**Prompt**
Below are records with pictures in them. Transcribe everything from the line containing "Myggolf Myggmelk 60ml" down to the line containing "Sailfish On Fraser - NT Tourism 0", exactly, and leave the pictures behind.

**Data for this task**
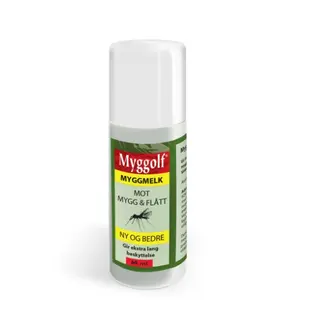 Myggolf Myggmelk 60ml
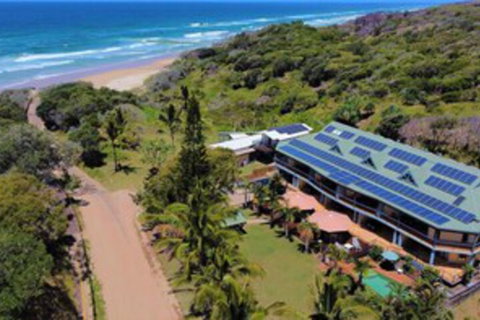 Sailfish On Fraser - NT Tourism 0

---

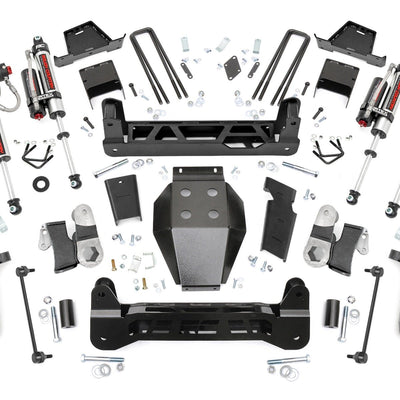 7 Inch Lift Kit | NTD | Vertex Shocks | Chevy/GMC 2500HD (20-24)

---

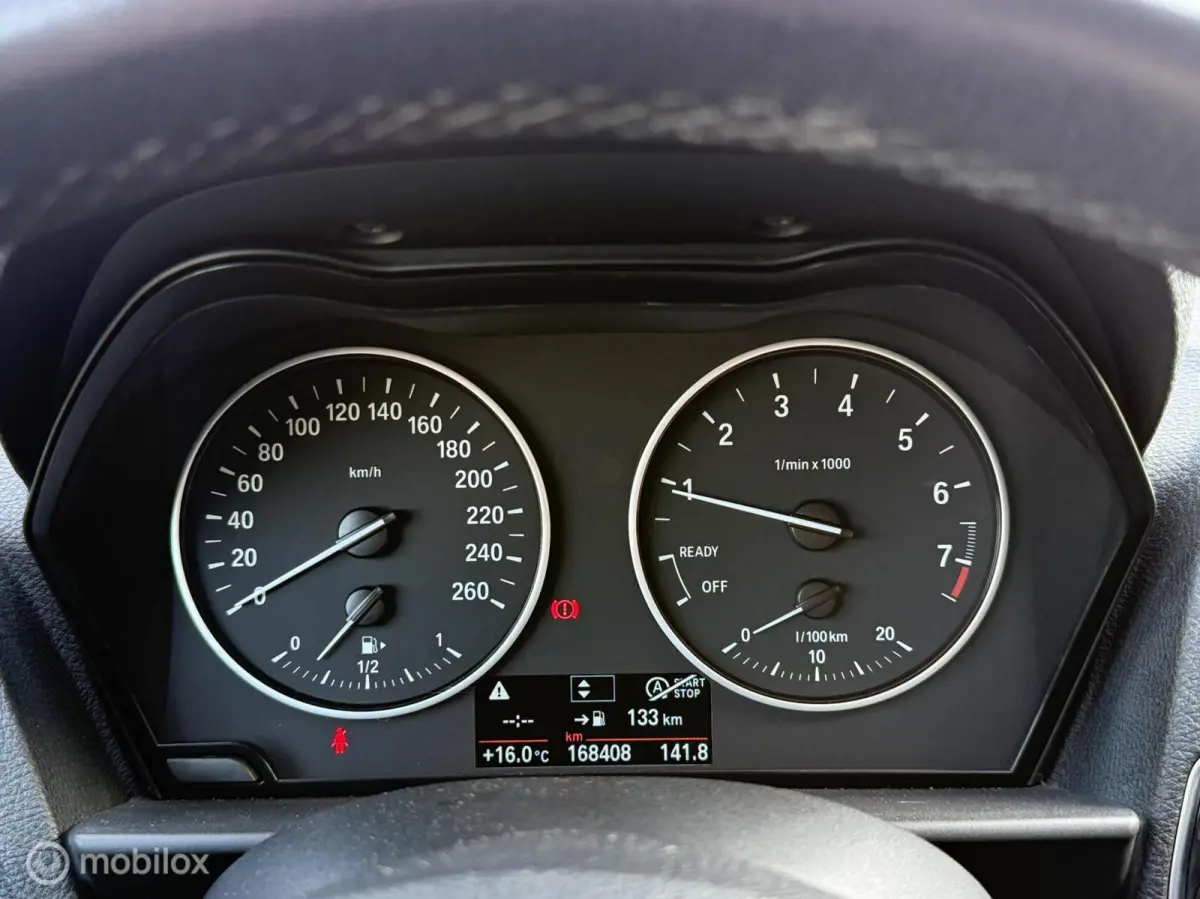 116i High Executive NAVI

**Exercise solution**
 Myggolf Myggmelk 60ml
 Sailfish On Fraser - NT Tourism 0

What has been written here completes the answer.